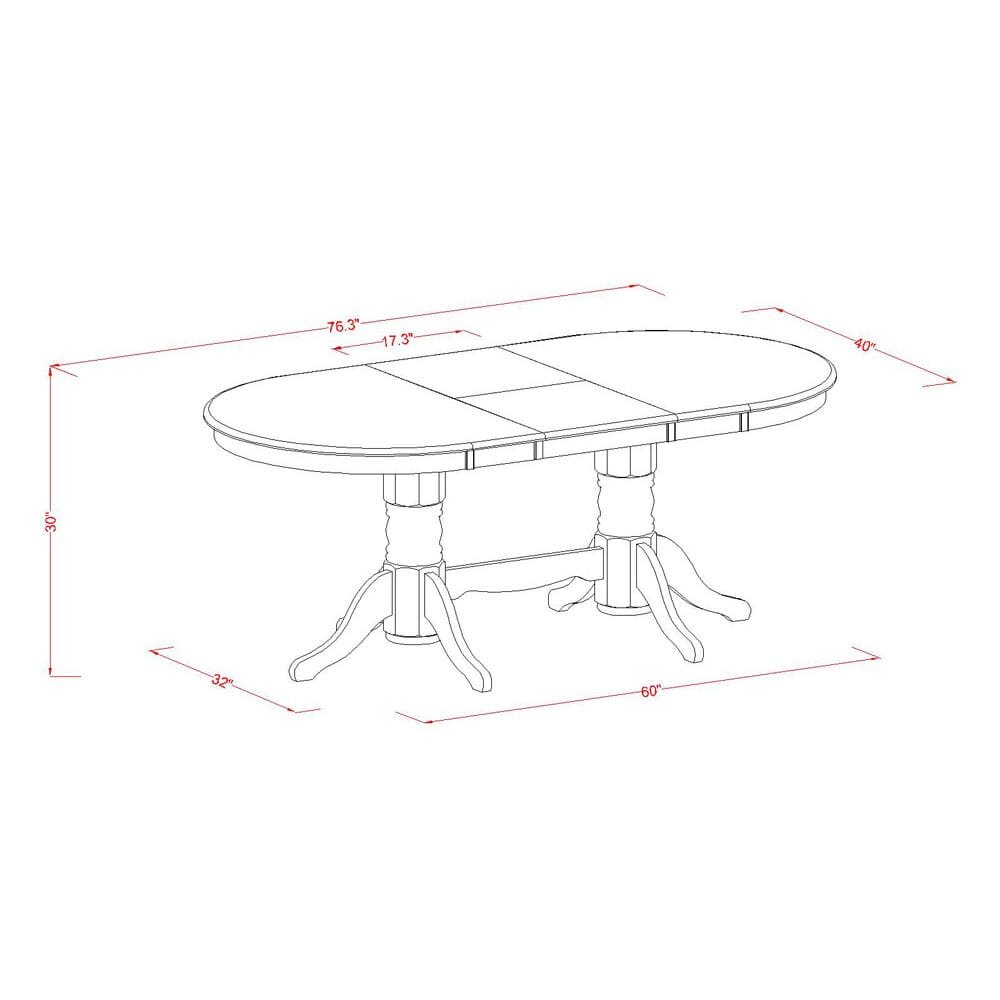 VAAV5-OAK-C 5 PC Dining room set for 4-Oval Table with Leaf and 4 Chairs for Dining. Picture 3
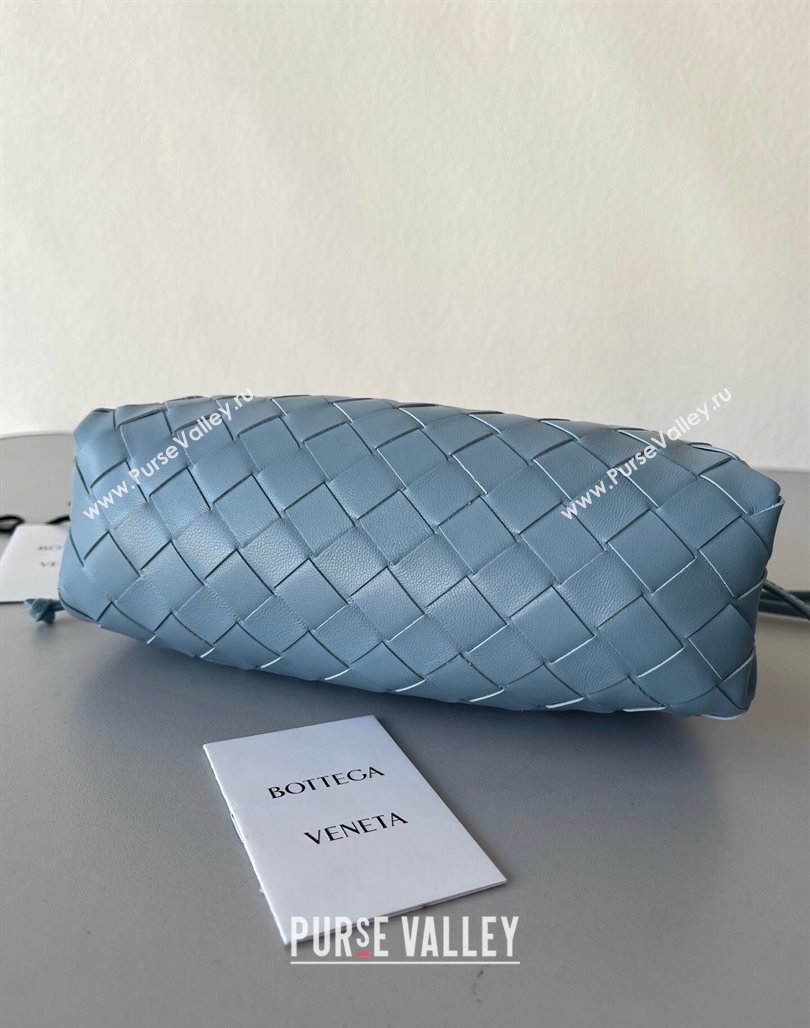 Bottega Veneta Mini Pouch Bag in Wide Intrecciato Leather Light Blue 2023 585852 (YX-231226029)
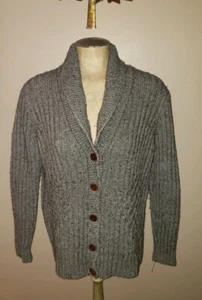 Neu Lands End grau Wolle Zopfmuster Strickjacke Pullover Damen L P Schalkragen - Bild 1 von 8
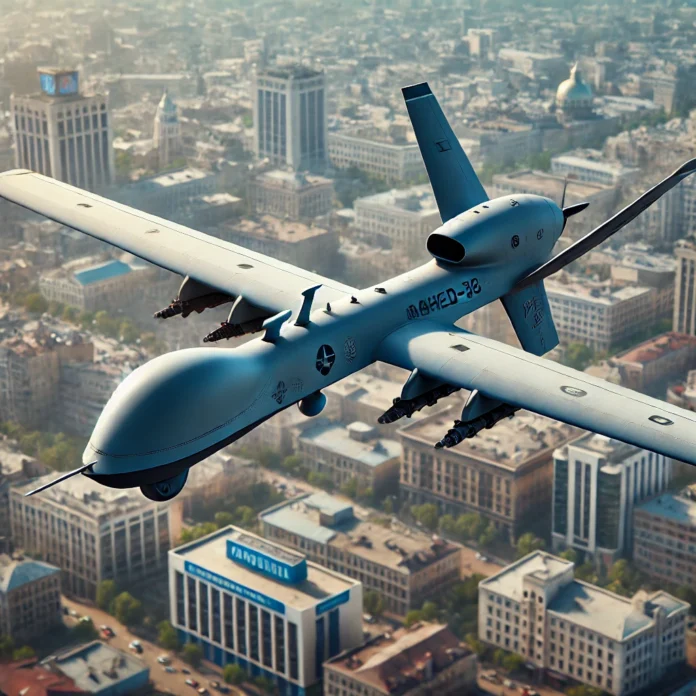 A realistic image of a Shahed-136 kamikaze drone flying over the city of Kyiv. The drone should have a distinctive delta-wing design with a small fuse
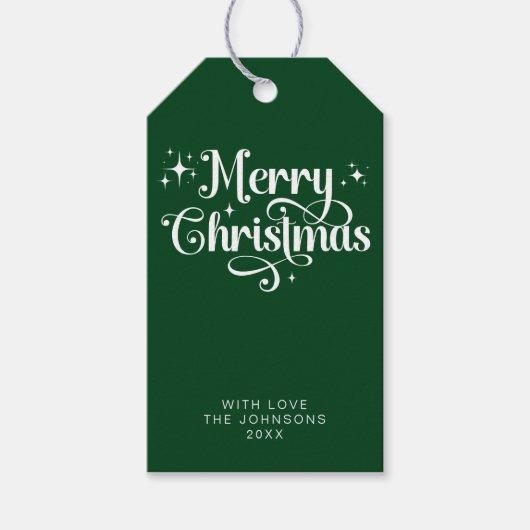 Elegant Retro Script Eenvoudig Groen Vrolijk Kerst Cadeaulabel (Voorkant)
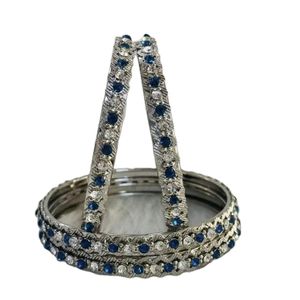 Elegant Ocean Blue Faux Diamond Bracelet Premium Copper Metal Indian-Inspired Fashionable Bangle for Women Party Gift
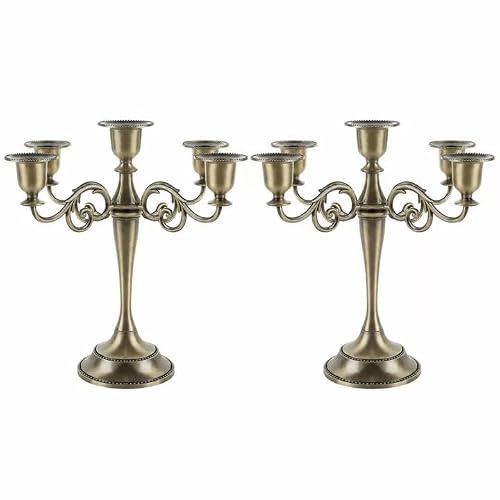 LDHHYH 2 Pack 5 Arm Candelabra Candle Holders, Metal Candle Stand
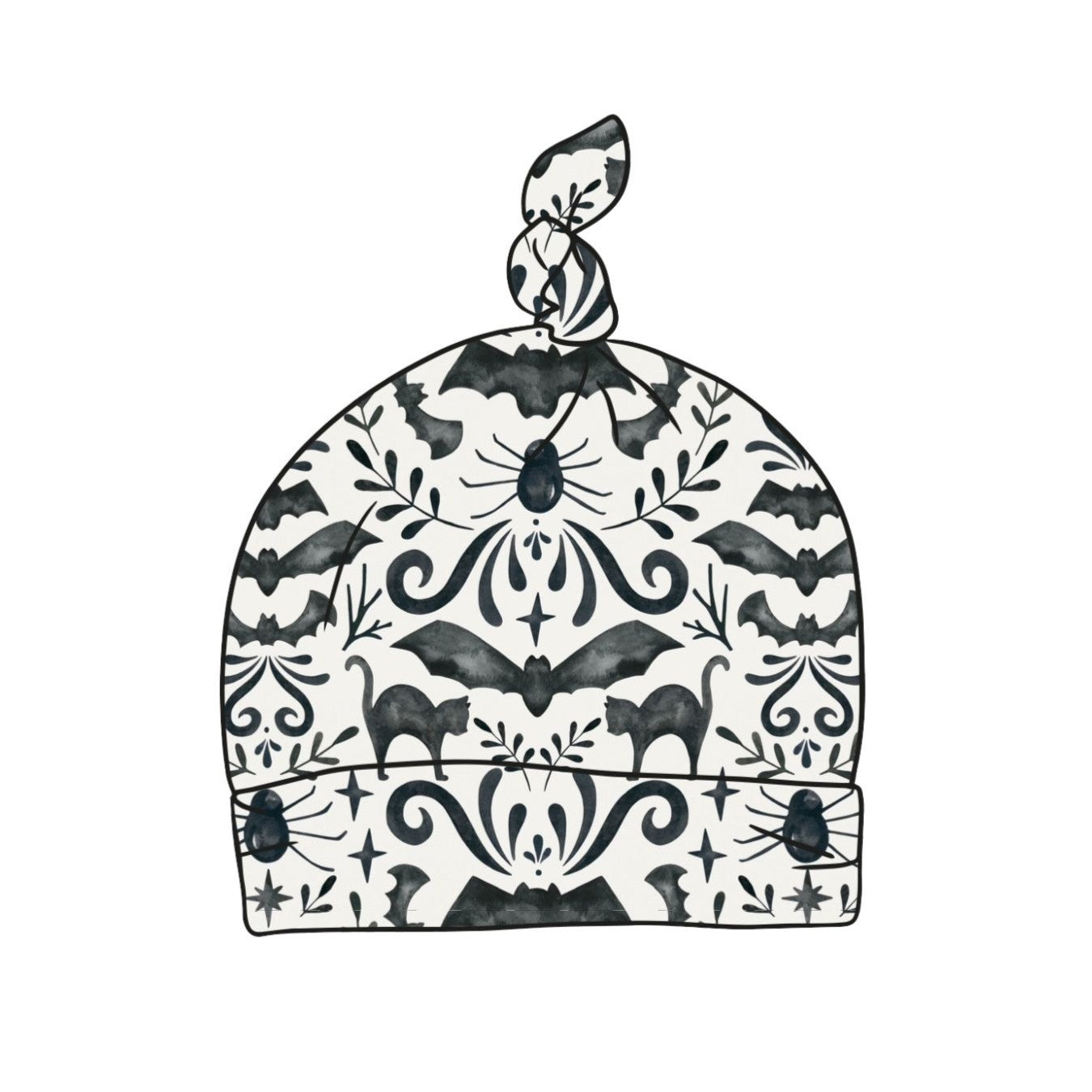 Monochrome Halloween Baby Knotted Hat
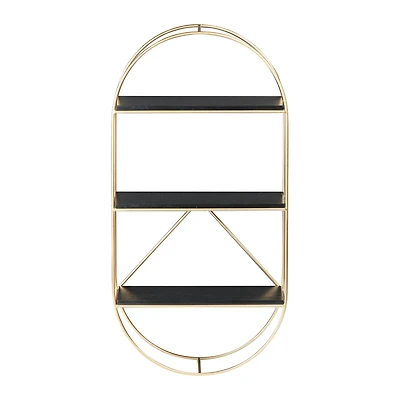 Hello Honey® Metal & Wood Gold Oval Wall Shelf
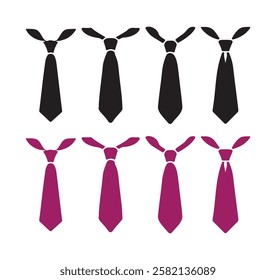 Silhouette necktie Icon design On White  Background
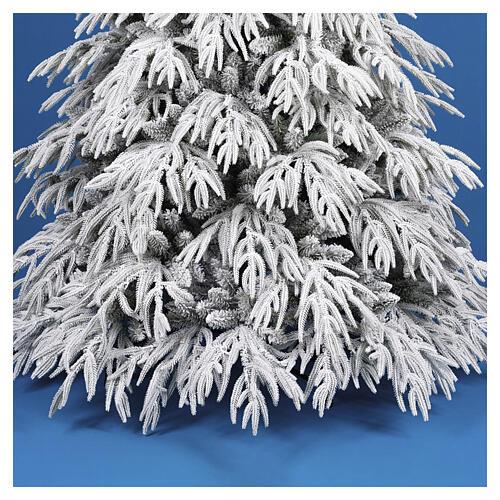 Albero Natale Crystal floccato realistico PE PVC 210 cm 4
--- --- ---
> Prompt: Please write out the lines above, beginning at the line with "Bottega Veneta Mini" and ending at the last line of the records, exactly as they appear and without pictures.

> Response area:
 Bottega Veneta Mini Pouch Bag in Wide Intrecciato Leather Light Blue 2023 585852 (YX-231226029)
 Neu Lands End grau Wolle Zopfmuster Strickjacke Pullover Damen L P Schalkragen - Bild 1 von 8
 A realistic image of a Shahed-136 kamikaze drone flying over the city of Kyiv. The drone should have a distinctive delta-wing design with a small fuse
 Elegant Retro Script Eenvoudig Groen Vrolijk Kerst Cadeaulabel (Voorkant)
 Elegant Ocean Blue Faux Diamond Bracelet Premium Copper Metal Indian-Inspired Fashionable Bangle for Women Party Gift
 LDHHYH 2 Pack 5 Arm Candelabra Candle Holders, Metal Candle Stand
 Monochrome Halloween Baby Knotted Hat
 Hello Honey® Metal & Wood Gold Oval Wall Shelf
 Silhouette necktie Icon design On White  Background
 Albero Natale Crystal floccato realistico PE PVC 210 cm 4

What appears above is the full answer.